◆ **Given entries**:
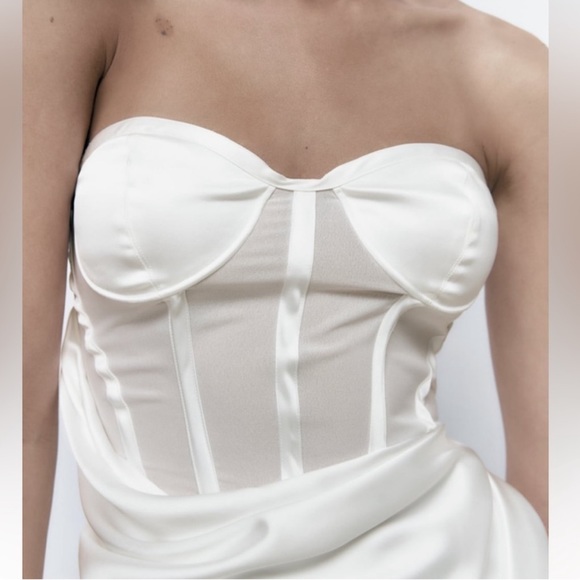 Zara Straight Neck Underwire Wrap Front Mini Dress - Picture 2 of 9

* * *

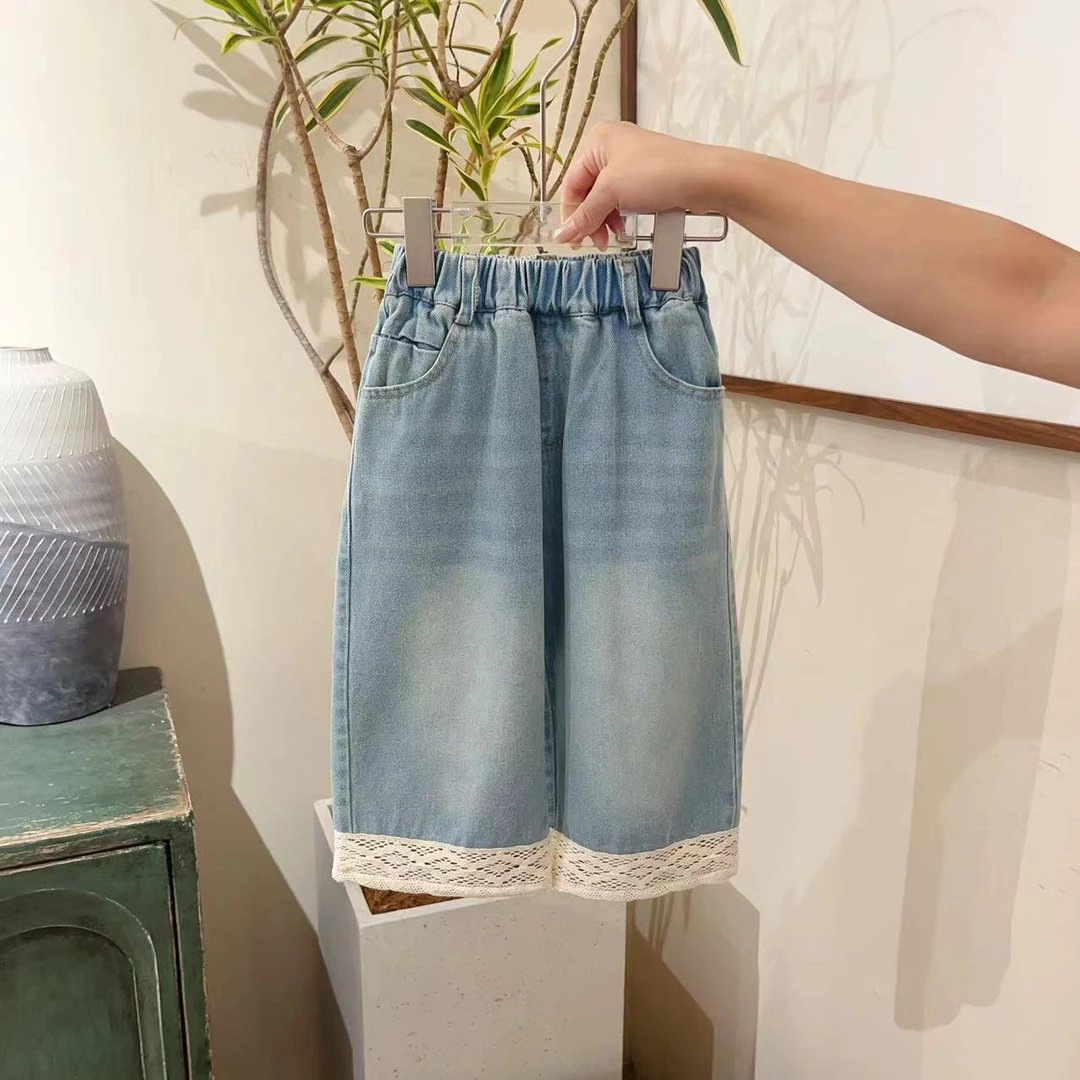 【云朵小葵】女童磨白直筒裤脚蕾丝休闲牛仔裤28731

--

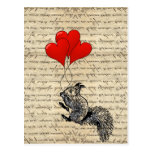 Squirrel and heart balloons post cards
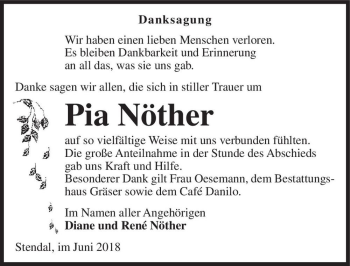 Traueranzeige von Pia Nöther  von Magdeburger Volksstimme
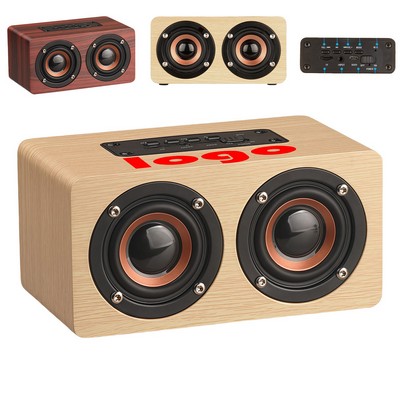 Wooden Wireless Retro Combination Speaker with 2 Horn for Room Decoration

◆ **Exercise prompt**:
Print exactly the lines above that run from the one with "Traueranzeige von Pia" down to the one with "Wooden Wireless Retro", and omit the pictures.

◆ **Answer**:
 Traueranzeige von Pia Nöther  von Magdeburger Volksstimme
 Wooden Wireless Retro Combination Speaker with 2 Horn for Room Decoration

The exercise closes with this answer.